Only pay for results
Collection agencies charging on a contingency basis take no commission unless they successfully collect your debt.
The ability to report to a debtor to the credit reporting agencies makes debt collection agencies very effective. It is not uncommon for debtors to pay their debt solely because it negatively impacts their credit score.
Another option for business owners to collect unpaid debts is filing a small claims lawsuit. Getting your paperwork filed at the local courthouse is not very complicated and doesn't require an attorney.
When you file a lawsuit in small claims court, you will usually have to pay a filing fee. Depending on the state, the fee can range from $35 to $150. Some states base their filing fees on the amount of outstanding debt.
Suppose the collection agency successfully gets your debtor to pay up. In that case, you'll have to pay a substantial amount - typically more than what you would pay if you took your case to small claims court.
Small claims court does not require a minimum amount of debt, so you can technically file a lawsuit even if you are owed just $25. (Although the filing fee would not make it worthwhile). Nevertheless, most courts do have a maximum.
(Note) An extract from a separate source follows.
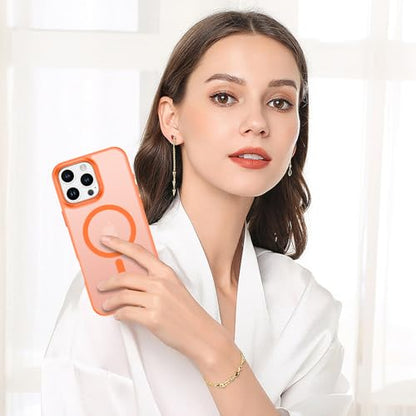 BENTOBEN Magnetic for iPhone 16 Pro Max Case,(Compatible with MagSafe) (Military Grade Drop Protection) Slim Translucent Matte Shockproof with Anti-Fingerprint Phone Case 6.9",Orange - color: Orange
Even after winning a small claims proceeding, you should not expect the court to take any action against your debtor. It is estimated that approximately 80% of judgments in the United States are never collected. Ideally, before filing a small claim, one should have a strategy on how to enforce the judgment once it has been granted. Otherwise, you may end up receiving the money judgment.
Depending on your state, you can't sue for more than a certain amount in small claims. A corporation or individual may also be limited in how many cases they can file in a calendar year or month.